Word familiarity is one thing, but let's agree on its definition. According to Wikipedia, the web encyclopedia, podcasting is "a collection of technologies for automatically distributing audio and video programs over the Internet via a publish-and-subscribe model." Unlike earlier online collections of audio or video material, podcasting is automatic, usually through RSS feeds. Independent producers can use it to create self-published, syndicated "radio shows," and it offers a new distribution method for broadcast radio and television programs.

While iPods have definitely played a role in the naming and the development of this new practice, you don't need an iPod to listen to podcasts. Any mp3 player or even a good ol' PC can be used to delve into the wonderful world of podcasting by downloading a free podcast from Apple's iTunes online store or any other podcast directory.

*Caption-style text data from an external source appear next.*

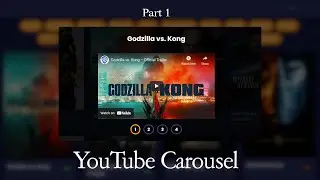 YouTube Video Carousel - TMDB API | Part 1 | HTML CSS JS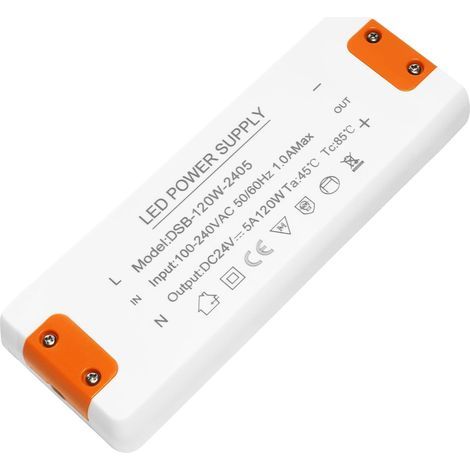 Transformateur 220V 24V LED 120W,alimentation 24v 120w 5A,led driver 24 v,convertisseur 220v 24v,Convertisseur De Tension AC à DC Adaptateur Transfo (1/5)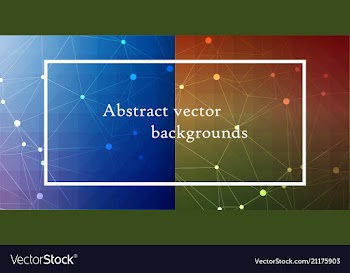 Abstract color blurred gradient background with vector image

Podcasting certainly presents some of the characteristics of more ephemeral crazes: It's about a year-and-a-half old but has already attracted a lot of buzz, mainly driven by marketing strategies from Apple, mainstream media, and other key industries. Whether it was planned or not, Duke University (N.C.) got a lot of media coverage of its "iPod first-year experience." In 2004, more than 1,600 freshmen were given brand new iPods to enhance their academic experience. Although the initiative wasn't repeated on the same scale the following year, it resulted in very positive promotional outcomes.

More recently, the announcement of a similar initiative by the School of Education at Drexel University (Pa.) for the new master of science in higher education program--made just days after the launch of iPod video--confirmed the device's magnetic marketing appeal for higher ed.

"The Future of Podcasting," a November 2005 study based on a sample of 4,400 radio listeners and conducted by Bridge Ratings, estimated that 5 million people would have downloaded podcasts in 2005. This year, the forecast is 9.3 million users, and it is expected to reach 62.8 million within five years.

How many of these millions of podcast listeners plan to go to college, make a donation, recruit your graduates, or write an article about your institution? That could be the million-dollar question in a couple of years, one that some corporate players in higher education have begun studying.

Thomson Peterson's introduced podcasting in February 2005 and has yielded promising results: more than 4,000 downloads per month. Executives had been exploring the idea of offering audio and video resources as a way to supplement the online experience, recalls Dan Karleen, Peterson's director of online product delivery. "When podcasting came along, giving people the option of subscribing to receive new programs automatically, the time seemed right to launch a series of podcasts complementing our three core areas: college admission advice, financial aid resources, and standardized test preparation."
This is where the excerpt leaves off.